- **Records supplied**
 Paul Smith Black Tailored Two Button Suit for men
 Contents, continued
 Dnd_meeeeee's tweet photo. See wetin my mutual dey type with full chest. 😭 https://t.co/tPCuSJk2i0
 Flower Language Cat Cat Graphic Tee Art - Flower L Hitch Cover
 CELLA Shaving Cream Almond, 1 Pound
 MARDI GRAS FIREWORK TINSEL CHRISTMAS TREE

...

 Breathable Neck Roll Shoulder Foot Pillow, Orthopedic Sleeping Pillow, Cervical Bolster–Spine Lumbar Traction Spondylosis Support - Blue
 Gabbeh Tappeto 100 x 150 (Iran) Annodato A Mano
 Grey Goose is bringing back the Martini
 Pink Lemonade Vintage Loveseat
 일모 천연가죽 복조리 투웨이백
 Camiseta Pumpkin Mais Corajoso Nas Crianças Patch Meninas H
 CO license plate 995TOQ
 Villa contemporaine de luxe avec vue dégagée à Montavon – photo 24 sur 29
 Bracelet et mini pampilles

* * *

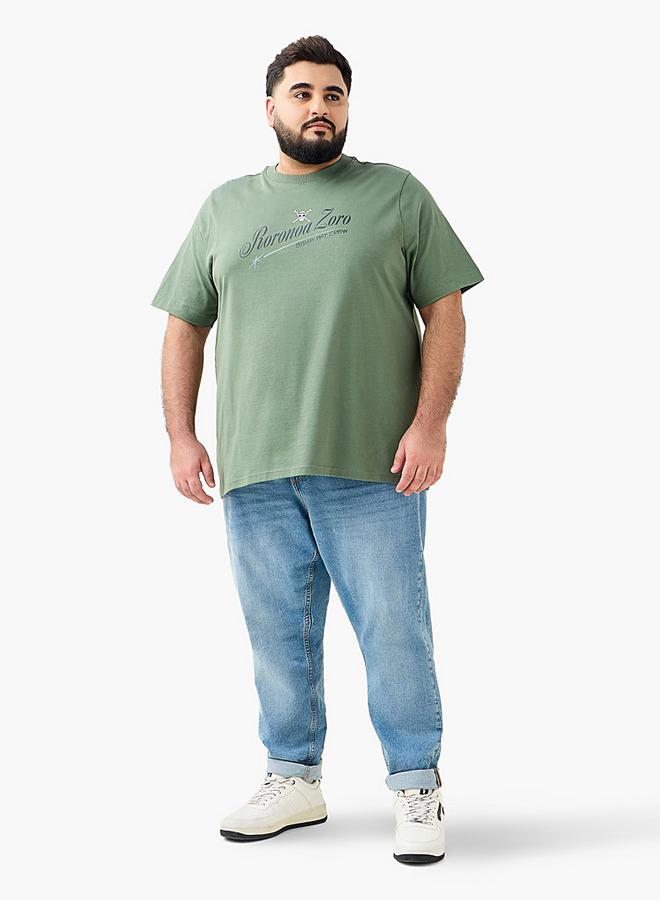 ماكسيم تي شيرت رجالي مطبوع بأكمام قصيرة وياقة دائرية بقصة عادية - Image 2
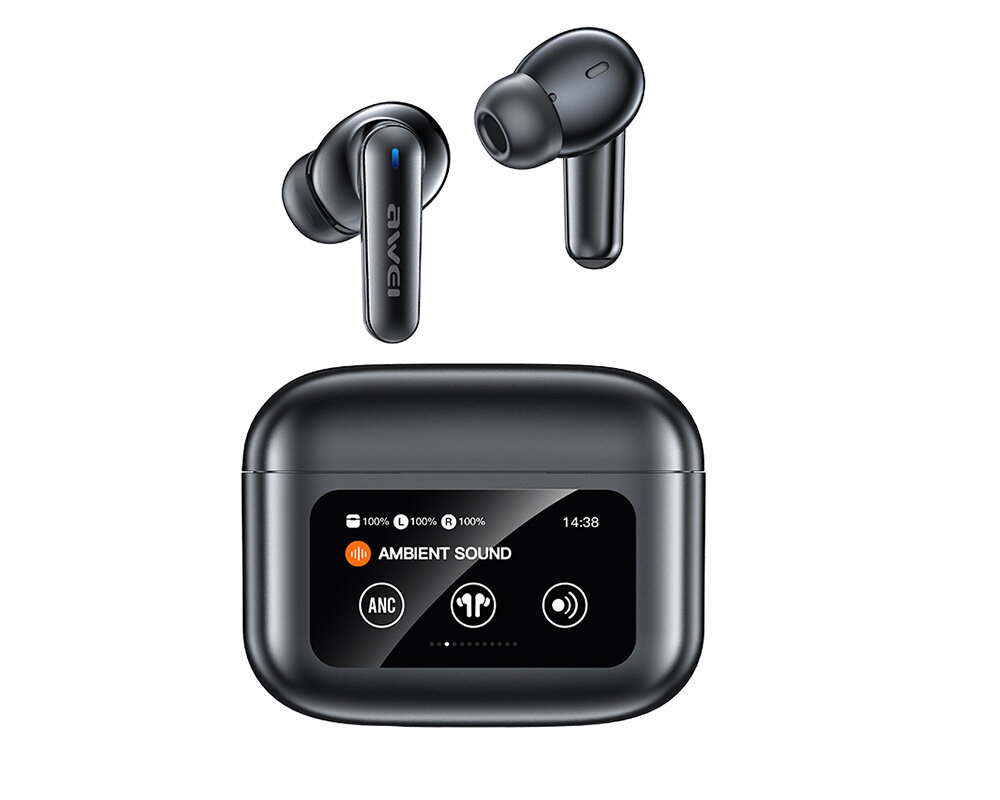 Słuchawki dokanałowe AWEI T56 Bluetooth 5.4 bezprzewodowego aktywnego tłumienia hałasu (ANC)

- **Exercise requirements**
Go through the records line by line and give the number of lines with the string "photo" in them, stating nothing else.

- **Output of the exercise**
2